### Dataset extract
• • • • • • •
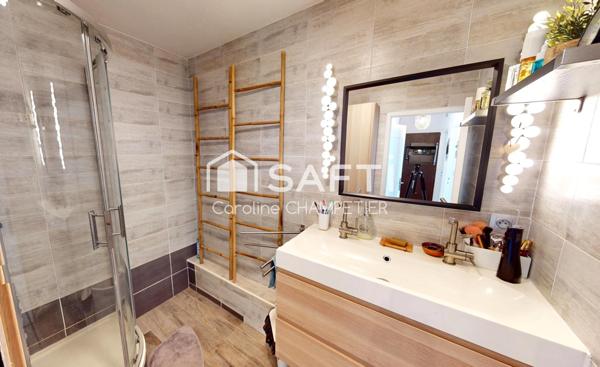 Dernier étage – Lumineux T4 de 85 m² avec loggia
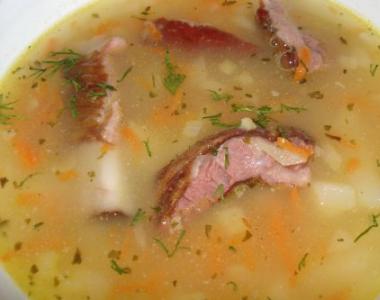 Cila është mënyra më e mirë për të gatuar supë me bizele?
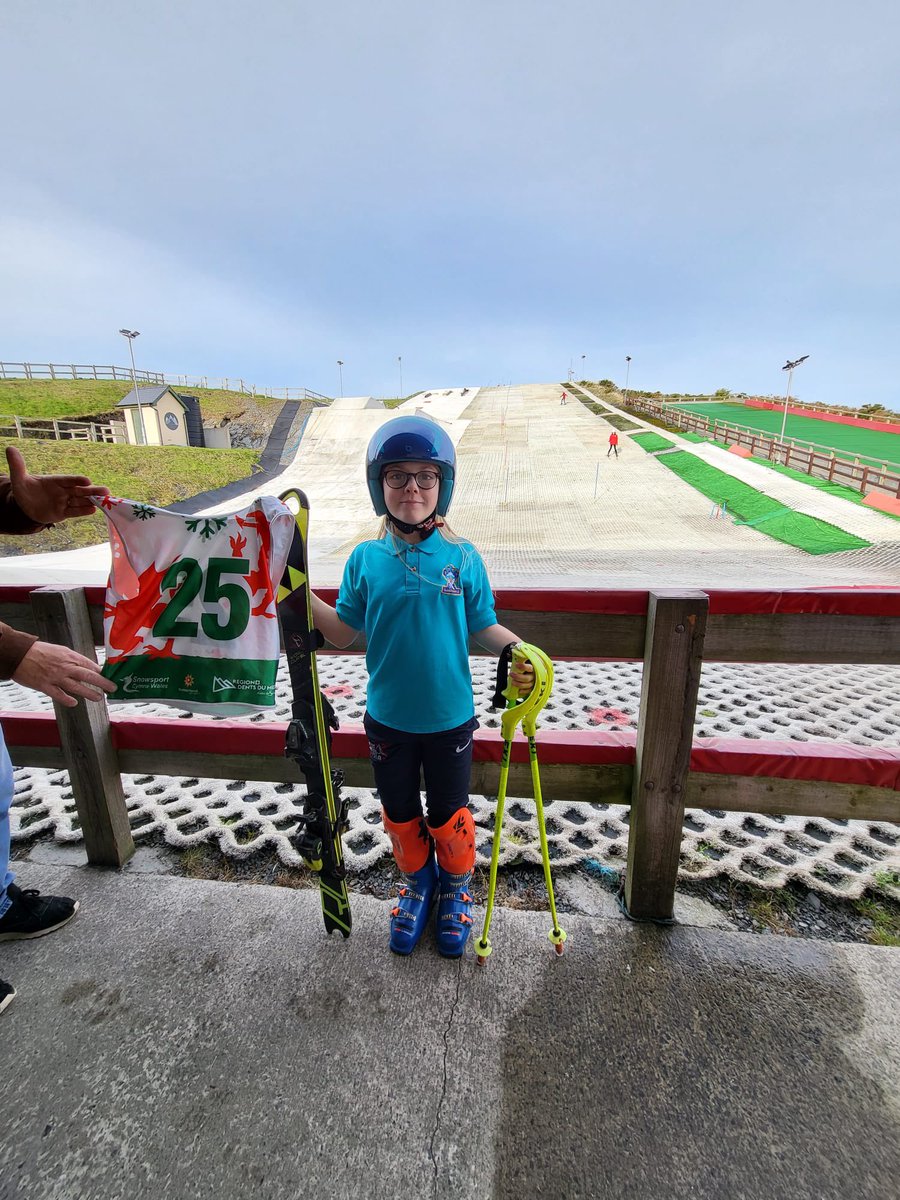 borley_katie's tweet photo. First competition on poles for this one &amp;+ first one competing for yggllangynwyd!! 3rd for her! @AddGorffLlan https://t.co/0DGWK1F11i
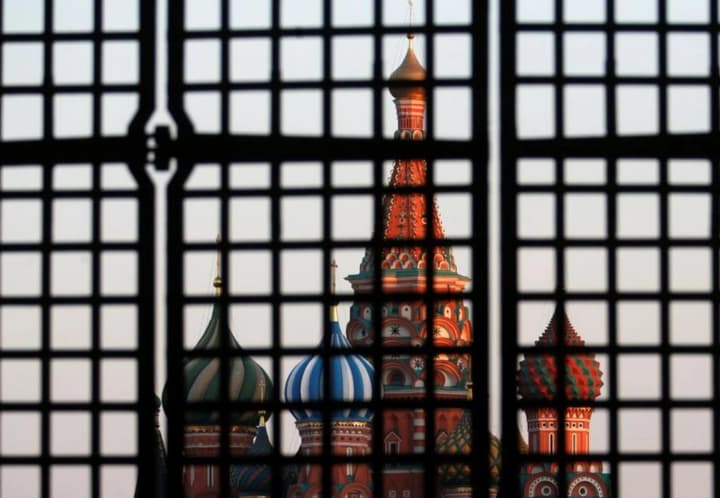 The Kremlin believes the peace process is being "blocked," while Russia is allegedly "ready for negotiations."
• • • • • • •
### Work required
Reproduce, with the pictures omitted, exactly those lines that run from the line with "borley_katie's tweet photo." to the last line of the material, both ends included.

### Exercise answer
 borley_katie's tweet photo. First competition on poles for this one &amp;+ first one competing for yggllangynwyd!! 3rd for her! @AddGorffLlan https://t.co/0DGWK1F11i
 The Kremlin believes the peace process is being "blocked," while Russia is allegedly "ready for negotiations."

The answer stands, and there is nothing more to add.